**Problem details**
Once the line with "Talk Turkey to" is reached, output it and every line after it, exactly, through the end of the records below. Pictures are skipped.

==== Record set ====

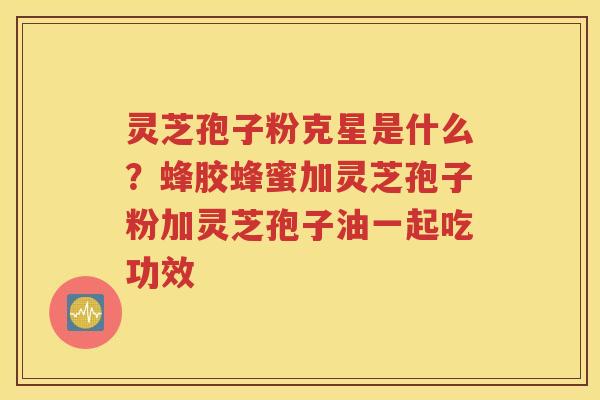 灵芝孢子粉克星是什么？蜂胶蜂蜜加灵芝孢子粉加灵芝孢子油一起吃功效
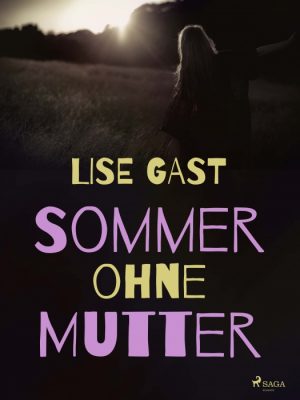 Sommer ohne Mutter (E-bog)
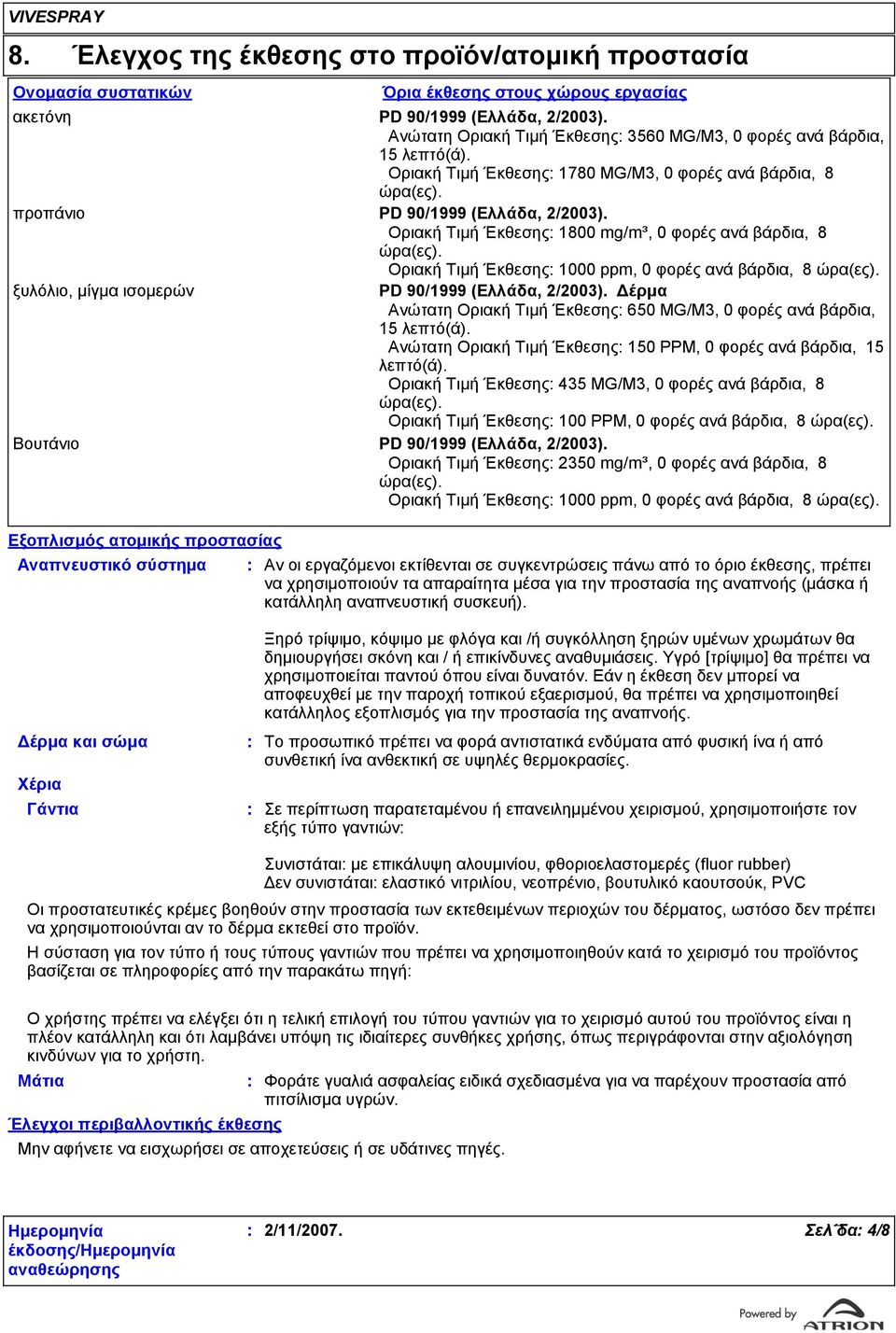 Οριακή Τιµή Έκθεσης 1800 mg/m³, 0 φορές ανά βάρδια, 8 ώρα(ες). Οριακή Τιµή Έκθεσης 1000 ppm, 0 φορές ανά βάρδια, 8 ώρα(ες). ξυλόλιο, μίγμα ισομερών PD 90/1999 (Ελλάδα, 2/2003).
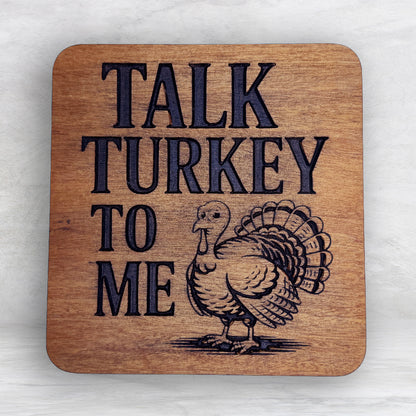 Talk Turkey to Me - Thanksgiving Sign - Precision Carved Solid Cherry Sign Art - Made in USA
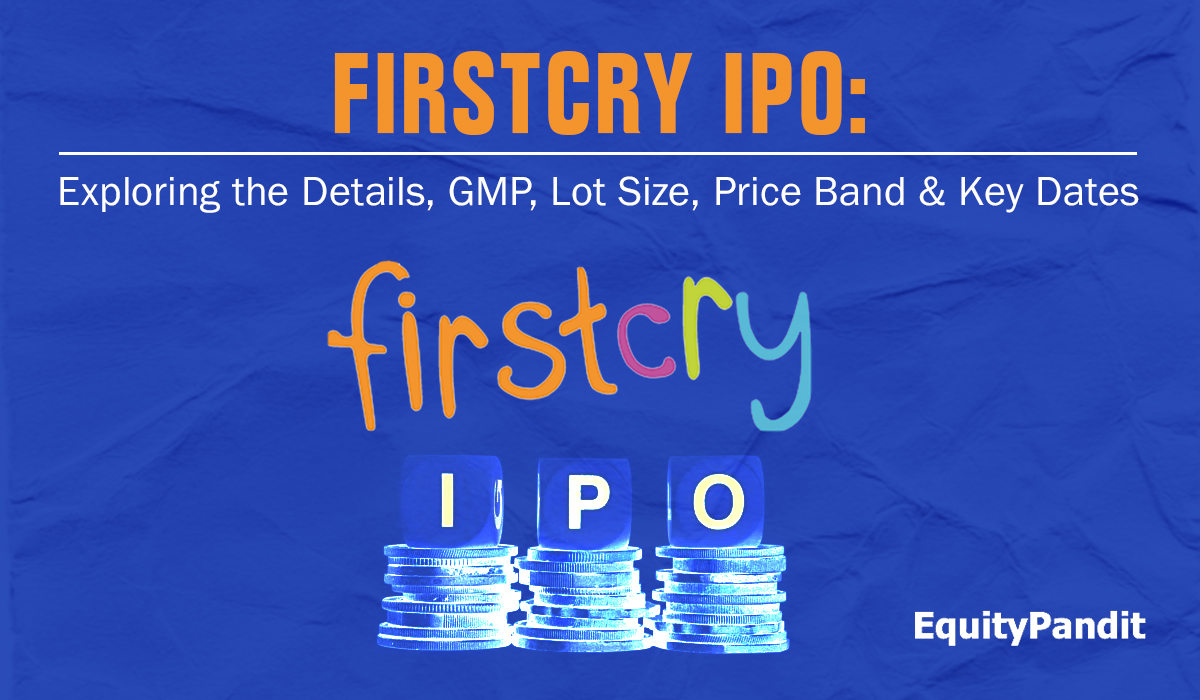 Firstcry (Brainbees Solutions) IPO: Exploring the Details, GMP, Lot Size, Price Band & Key Dates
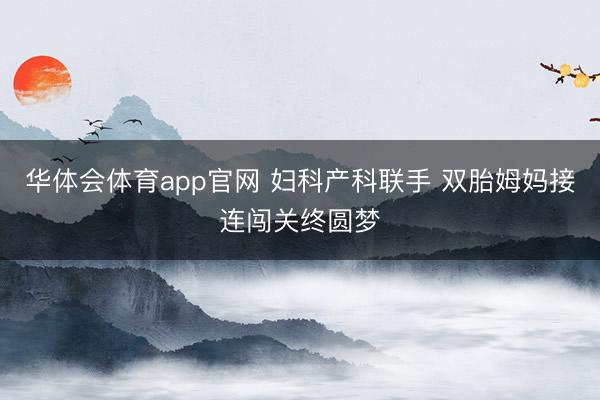 华体会体育app官网 妇科产科联手 双胎姆妈接连闯关终圆梦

====

**Your response**
 Talk Turkey to Me - Thanksgiving Sign - Precision Carved Solid Cherry Sign Art - Made in USA
 Firstcry (Brainbees Solutions) IPO: Exploring the Details, GMP, Lot Size, Price Band & Key Dates
 华体会体育app官网 妇科产科联手 双胎姆妈接连闯关终圆梦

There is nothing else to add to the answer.